Era la excusa perfecta. A partir de entonces, no tendría que temer que Miguel la encontrara con el papel encima. Siempre podía alegar que acababa de encontrarlo en el lugar de la entrega.
—Elena.
—¿Sí?
—Si te pregunto una cosa, ¿prometes contestarme?
Ella levantó la cabeza alarmada. Ahora le decía que sabía que era ella la que fabricaba el papel y la echaba de su vida.
—¿Qué pretendes? —preguntó con temor.
—¿Prometes hacerlo?
—No sé bien a qué te refieres. ¿Cuál es la pregunta?
—Antes de hacértela... Solo hay una cosa que no soportaría que hicieras; no toleraría que me mintieras.
Elena sintió que un rayo caía sobre ella y la partía en dos. Se le doblaron las rodillas y tuvo que sujetarse a la prensa para no desplomarse. ¿Mentirle? Todo lo que ella hacía era una mentira, todo menos lo que sentía por él.

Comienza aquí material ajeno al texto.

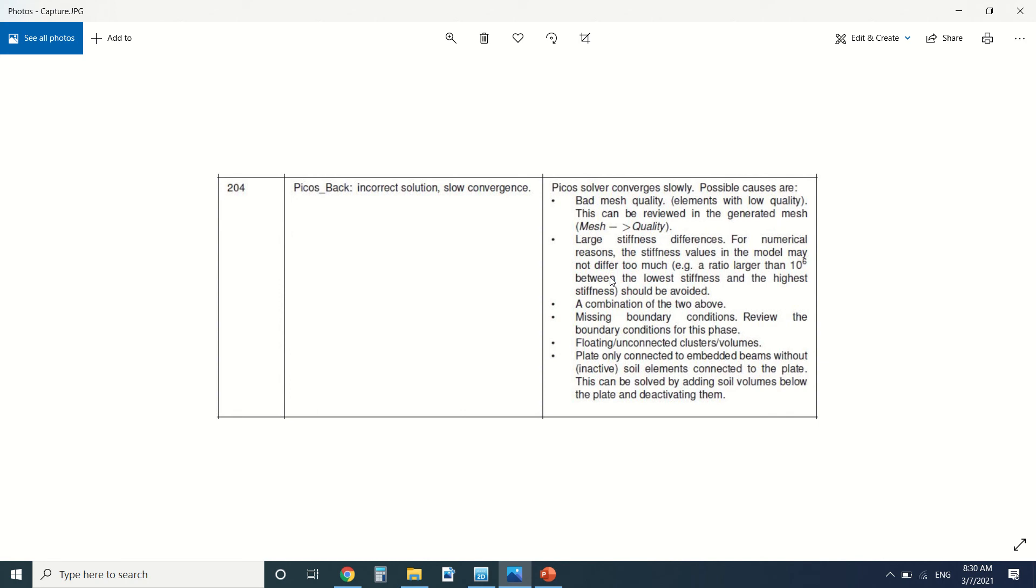So I advise you to make an interface. I've already talked a lot about interfaces and I've made many tutorials about them, and it could be a combination of the two above.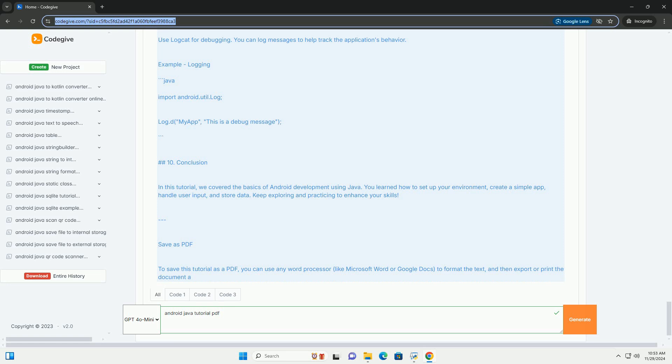User interface layouts. Layouts define how UI components are arranged on the screen. Common layout types include linear layout, relative layout, and constraint layout. Example: activity_main.xml.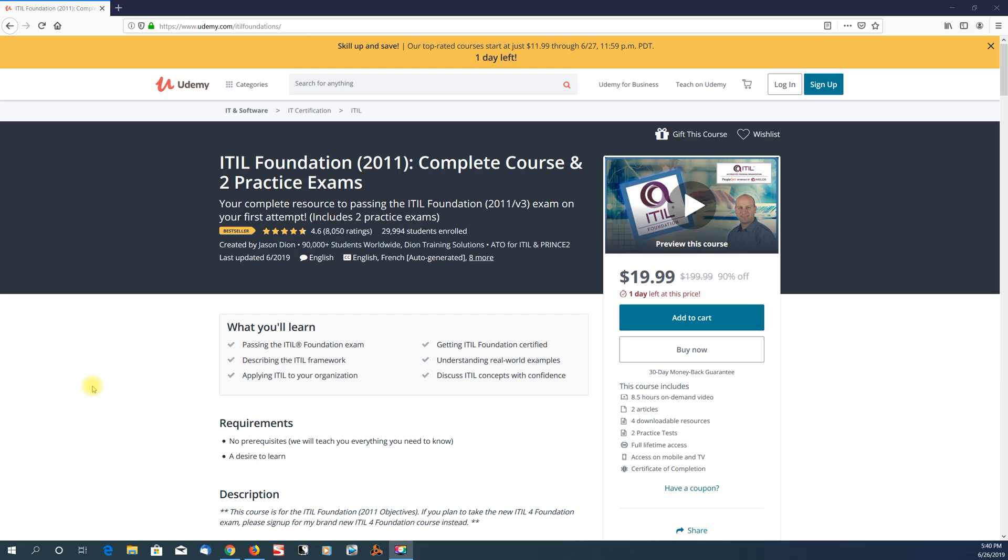To be honest, the exam is only like 40 questions, you only have to get 26 out of 40 right to pass. But after I took this Jason Dion course, I scored a 90. I wasn't really aiming to score 90, I was just trying to pass, get the 26 out of 40, and I did way better than that.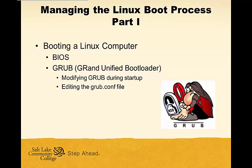In this first lecture on managing the Linux boot process, we're going to look at two very important items.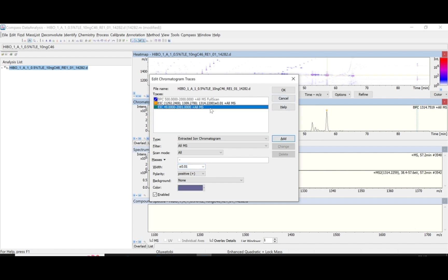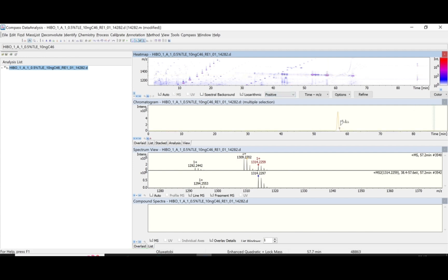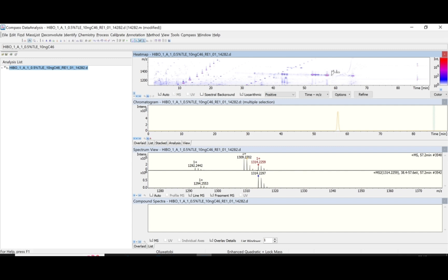I accidentally added one mass three times, so I click on it and click Delete, leaving just the correct entries. After clicking OK, it takes a while to load. We observe a change — you can see there's a change in color. It confirms the same retention time between 56 and 58, and the same mass list.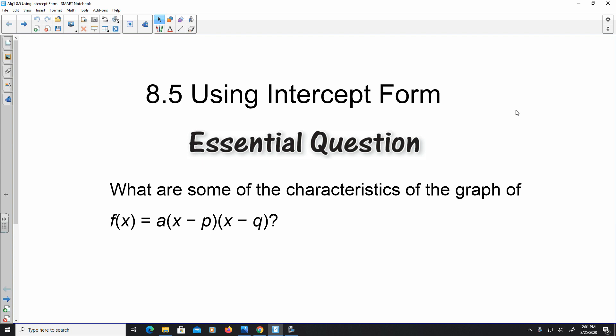Welcome to the video. In this lesson, we are going to look at section 8.5 where we're using intercept form. Any time we heard about intercept form with a linear equation, we always thought of the y-intercept. But when we identify a particular quadratic using intercept form, we're actually thinking about the x-intercept. And when you're looking at x-intercepts of a quadratic, you've had the possibility of having multiple x-intercepts, and we have to be able to locate them.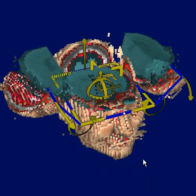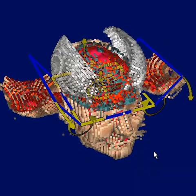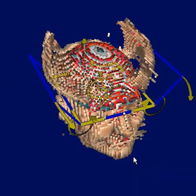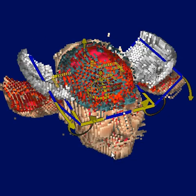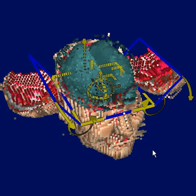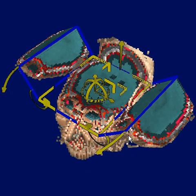We can also unselect layers, in which case they animate back into place. Reselect layers. And this is somewhat like leafing through the pages of a book, which is how this tool got its name.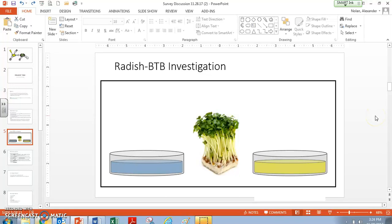Hi, this is Mr. Nolan, and I just want to run through our radish BTB investigation really quickly, because I sensed that there's a lot of confusion regarding what our results mean.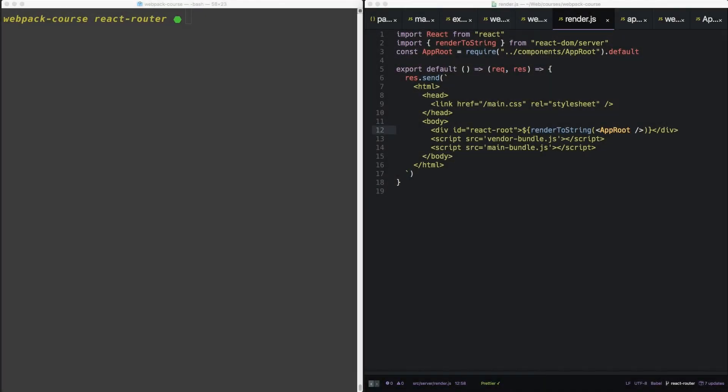Alright, welcome back. In this episode, we're going to get started hooking up React Router so we can get multiple pages going on our blog.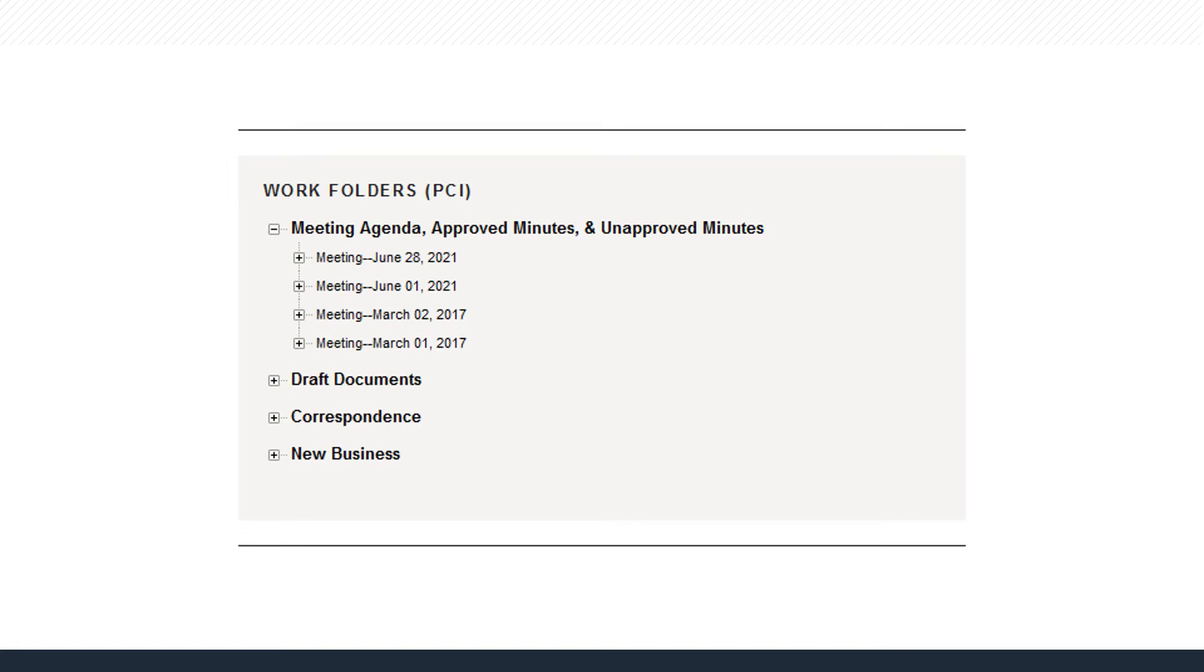Scroll to the Work Folders section to view the meeting agendas, approved and unapproved minutes, draft documents, committee correspondence, and new business folders.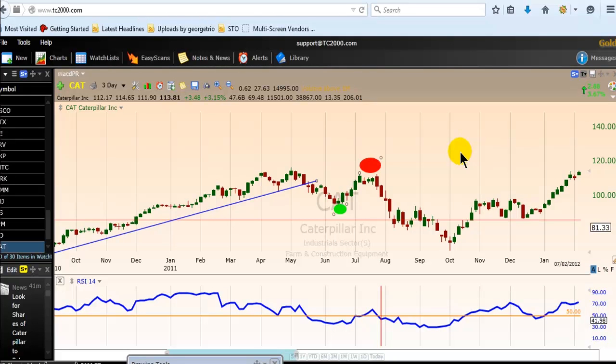Hello TradeS. Good morning, good afternoon, good evening. Bonjour, bonsoir mes amis. Guten Morgen, Guten Tag, Guten Abend.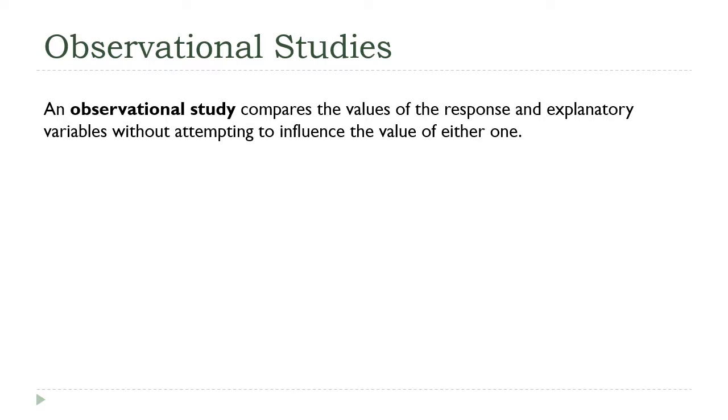We're going to talk about several different types of observational studies, and you'll notice they fit into three broad categories. There's ones that focus on the past, ones that focus on the present, and ones that focus on the future.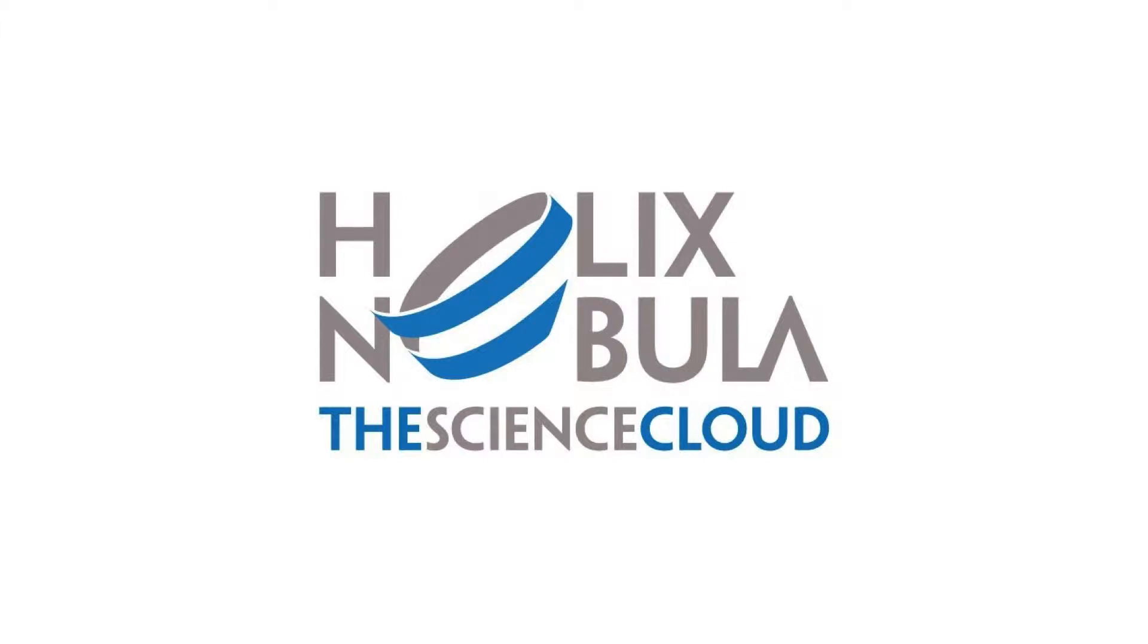This video will tell you about the Helix Nebula Initiative and the Helix Nebula Marketplace HNX. It will demonstrate how to use Slipstream, the foundation of the HNX portal.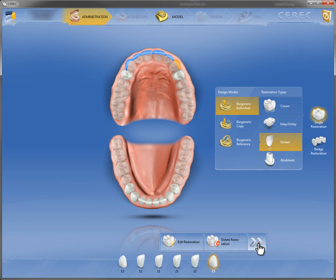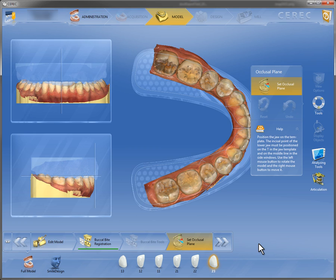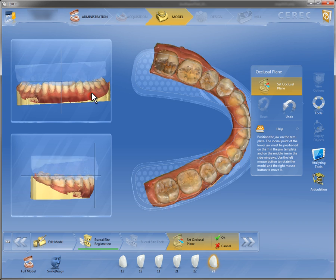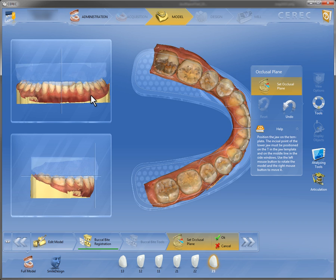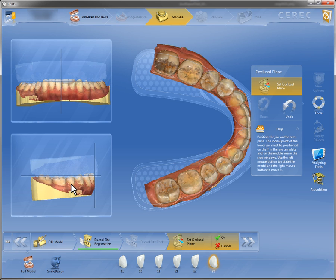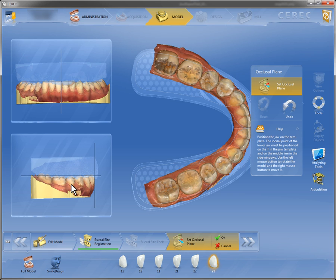Here we are going to demonstrate the feature smile design in CEREC 4.2. As usual, the preparation is scanned in and is aligned either horizontally or sagittally in the dialogue occlusal plane.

—¿Cuál es la pregunta? —musitó con un hilo de voz.
—¿Ha sucedido algo hoy? —preguntó Miguel, nervioso ante la respuesta.
—¿Qué podría haber pasado? —preguntó ella, perpleja.
¿Qué? Que Miguel de Eguía hubiera aparecido en casa de Elena y hubiera arrojado contra ella la ira que no había podido descargar sobre él.
—No sé, algún problema con alguien.
Elena colocó el siguiente pliego sobre la prensa antes de mirarlo. Estaba sorprendida y divertida a la vez.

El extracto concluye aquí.